Records supplied ▸
Start of Block
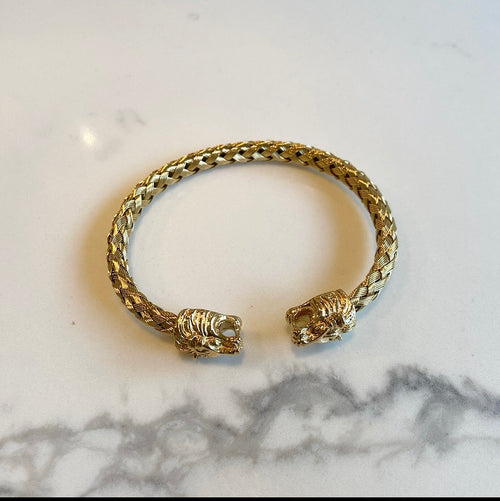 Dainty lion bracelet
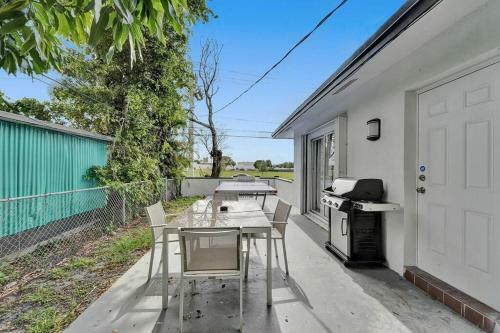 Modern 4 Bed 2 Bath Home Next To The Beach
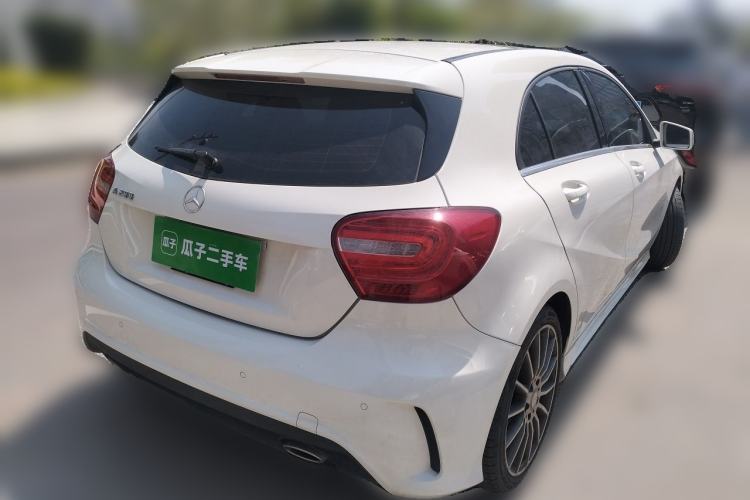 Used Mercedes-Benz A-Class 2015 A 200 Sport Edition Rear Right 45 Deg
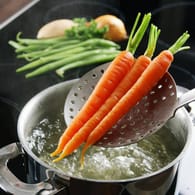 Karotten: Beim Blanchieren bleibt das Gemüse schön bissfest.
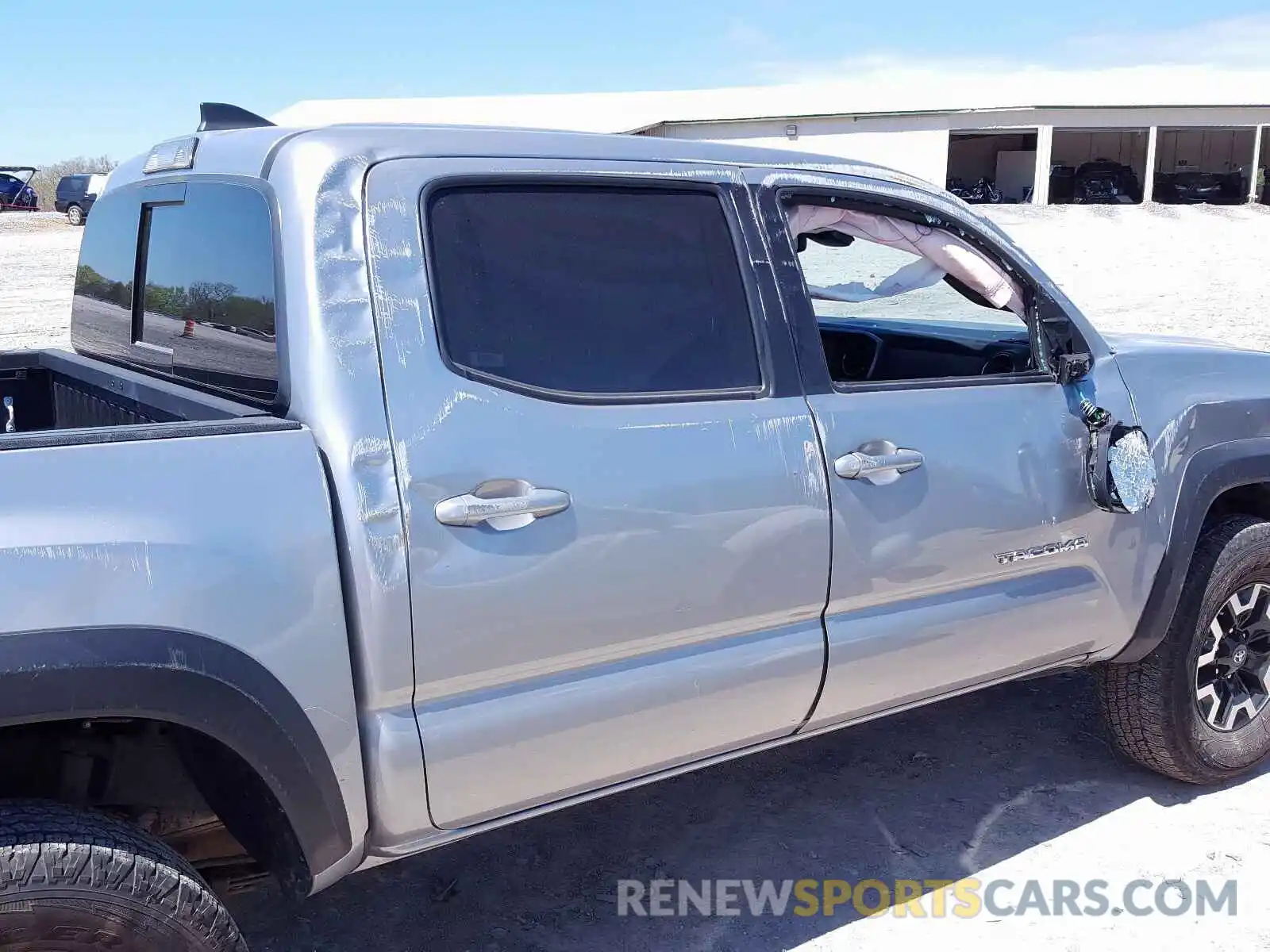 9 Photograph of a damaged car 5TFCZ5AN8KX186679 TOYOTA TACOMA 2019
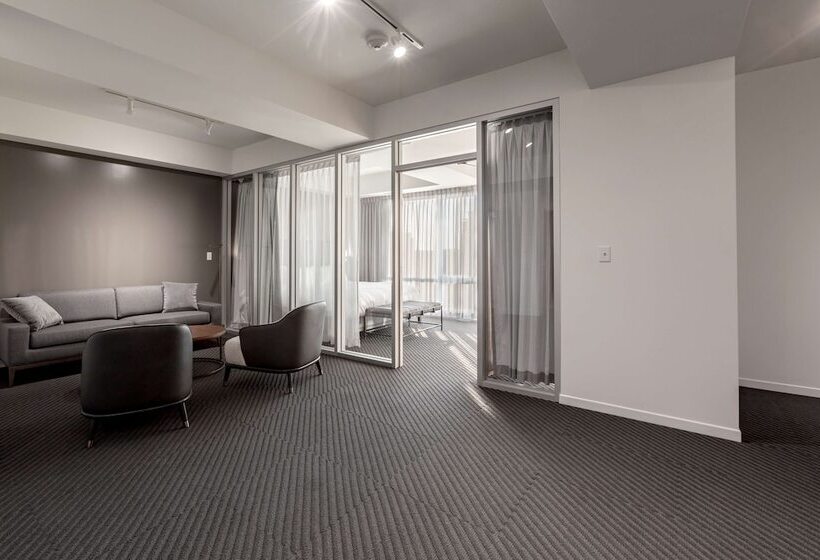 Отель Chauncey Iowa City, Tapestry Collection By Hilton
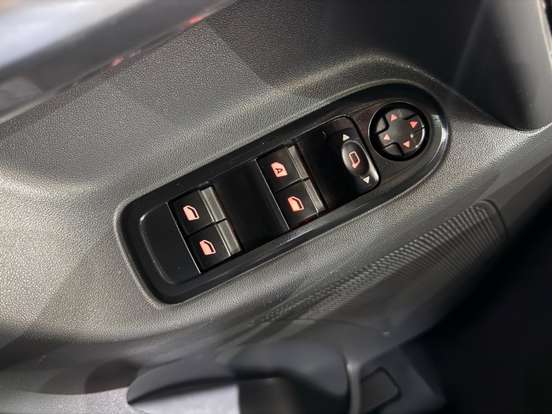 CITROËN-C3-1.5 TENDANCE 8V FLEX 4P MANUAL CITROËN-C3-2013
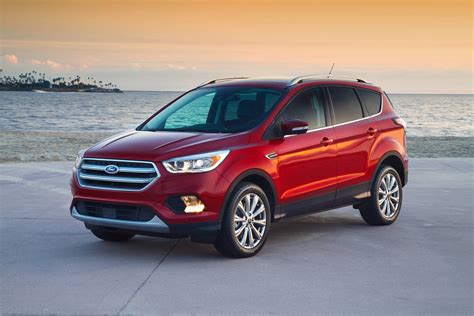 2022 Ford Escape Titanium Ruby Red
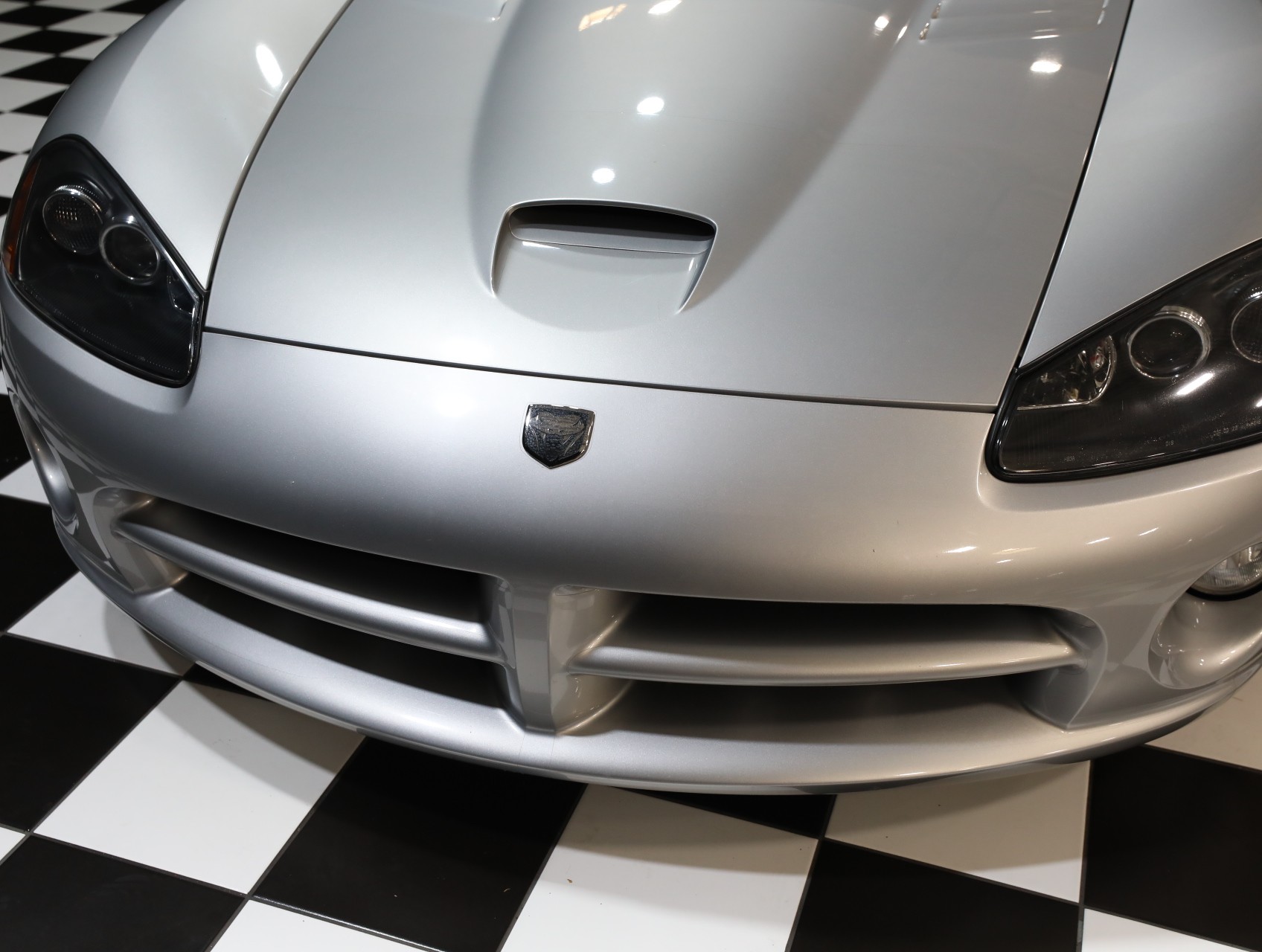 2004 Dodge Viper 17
End of Block
Start of Block
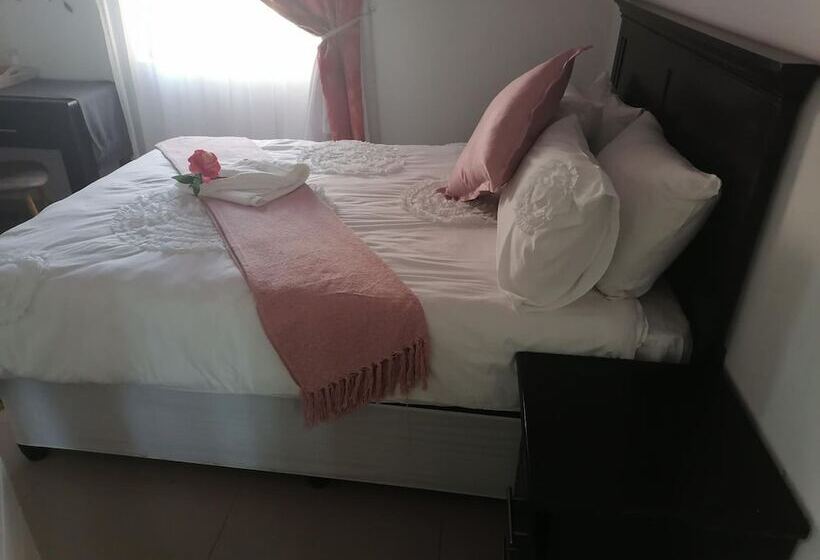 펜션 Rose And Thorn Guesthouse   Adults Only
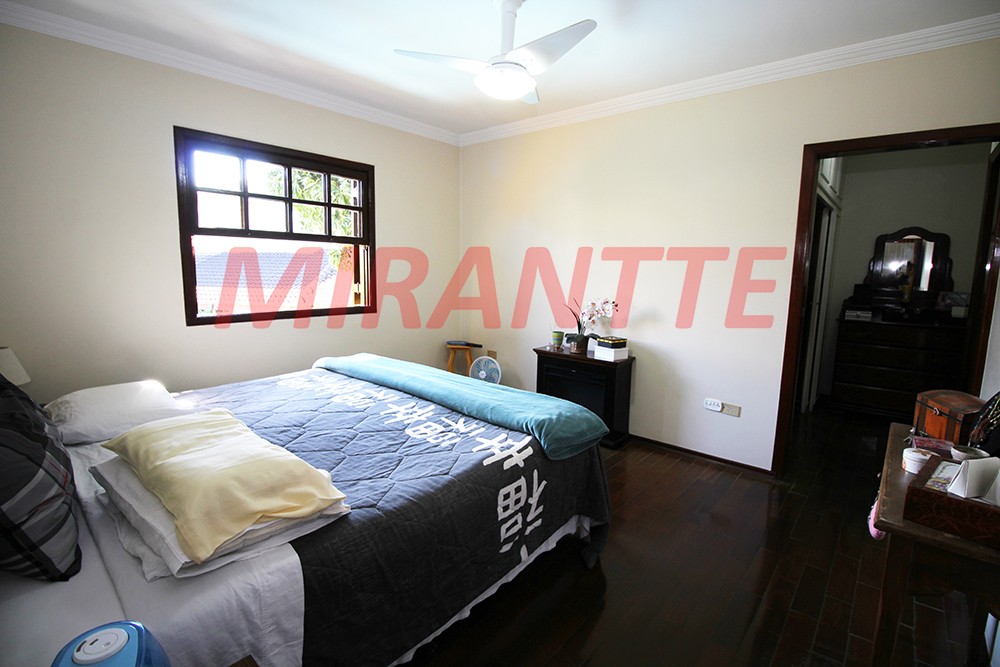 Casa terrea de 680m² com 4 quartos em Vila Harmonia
End of Block
For the data above, set down exactly the lines from the line with "Отель Chauncey Iowa" to the line with "2004 Dodge Viper 17", both included, leaving pictures out.

Answer for this exercise ▸
 Отель Chauncey Iowa City, Tapestry Collection By Hilton
 CITROËN-C3-1.5 TENDANCE 8V FLEX 4P MANUAL CITROËN-C3-2013
 2022 Ford Escape Titanium Ruby Red
 2004 Dodge Viper 17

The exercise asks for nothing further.